6

Could someone please explain to me the difference between creating a structure with and without malloc. When should malloc be used and when should the regular initialization be used?

For example:

struct person {

    char* name;

};

struct person p = {.name="apple"};

struct person* p_tr = malloc(sizeof(struct person));
p_tr->name = "apple";

What is really the difference between the two? When would one approach be used over others?

Amanda
  • 2,013
  • 3
  • 24
  • 57
  • 1
    `sizeof(struct person)` or `sizeof *p_tr` are valid, but `sizeof(person)` is a syntax error. Best practice would be to use `sizeof *p_tr` – William Pursell Feb 02 '20 at 19:14
  • 2
    I suppose the biggest practical difference is that `struct person p = {.name="apple"};` creates a variable that goes out of scope when the enclosing block ends (eg, if this is in a function, the memory becomes invalid when the function returns.) With `struct person *p`, the variable `p` also becomes invalid when the enclosing scope ends, but the data to which it points is still valid. – William Pursell Feb 02 '20 at 19:16
  • @WilliamPursell So if I store the pointer `*ptr` may be in some queue even after the function ends and later try to retrieve it, it will still be there but not the case with `person p`? – Amanda Feb 02 '20 at 19:23
  • Use `malloc` when you need more control over the lifetime of the object than the first version will give you – M.M Feb 02 '20 at 19:29
  • @WilliamPursell: The lifetime of an automatic object ends when execution of its associated block ends. This is different from when execution leaves the scope, as execution may leave the scope via subroutines or interrupts/signals. Lifetime is **when** during program execution **object** exists. Scope is **where** in source text an **identifier** is visible. – Eric Postpischil Feb 02 '20 at 19:52

4 Answers4

5

Having a data structure like;

struct myStruct {
    int a;
    char *b;
};

struct myStruct p;  // alternative 1
struct myStruct *q = malloc(sizeof(struct myStruct));  // alternative 2
  • Alternative 1: Allocates a myStruct width of memory space on stack and hands back to you the memory address of the struct (i.e., &p gives you the first byte address of the struct). If it is declared in a function, its life ends when the function exits (i.e. if function gets out of the scope, you can't reach it).

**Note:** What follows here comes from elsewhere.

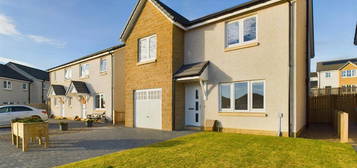 4 bed detached house for sale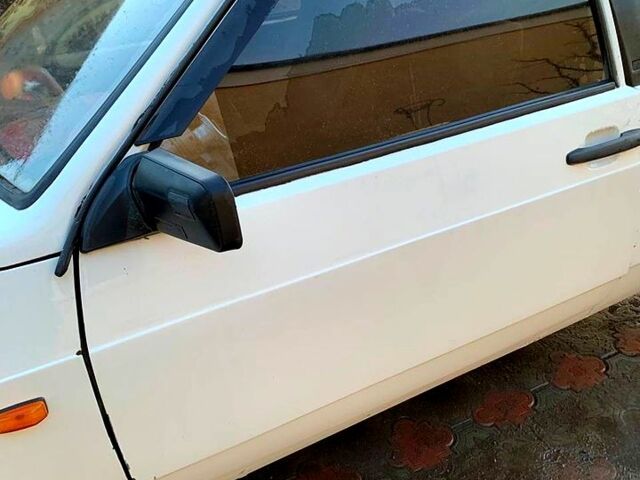 Белый ВАЗ 2108, объемом двигателя 1.3 л и пробегом 215 тыс. км за 1600 $, фото 1 на Automoto.ua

  • Alternative 2: Allocates a myStruct width of memory space on heap and a pointer width of memory space of type (struct myStruct*) on stack. The pointer value on the stack gets assigned the value of the memory address of the struct (which is on the heap) and this pointer address (not the actual structs address) is handed back to you. It's life time never ends until you use free(q).

In the latter case, say, myStruct sits on memory address 0xabcd0000 and q sits on memory address 0xdddd0000; then, the pointer value on memory address 0xdddd0000 is assigned as 0xabcd0000 and this is returned back to you.

printf("%p\n", &p); // will print "0xabcd0000" (the address of struct)

printf("%p\n", q);  // will print "0xabcd0000" (the address of struct)
printf("%p\n", &q); // will print "0xdddd0000" (the address of pointer)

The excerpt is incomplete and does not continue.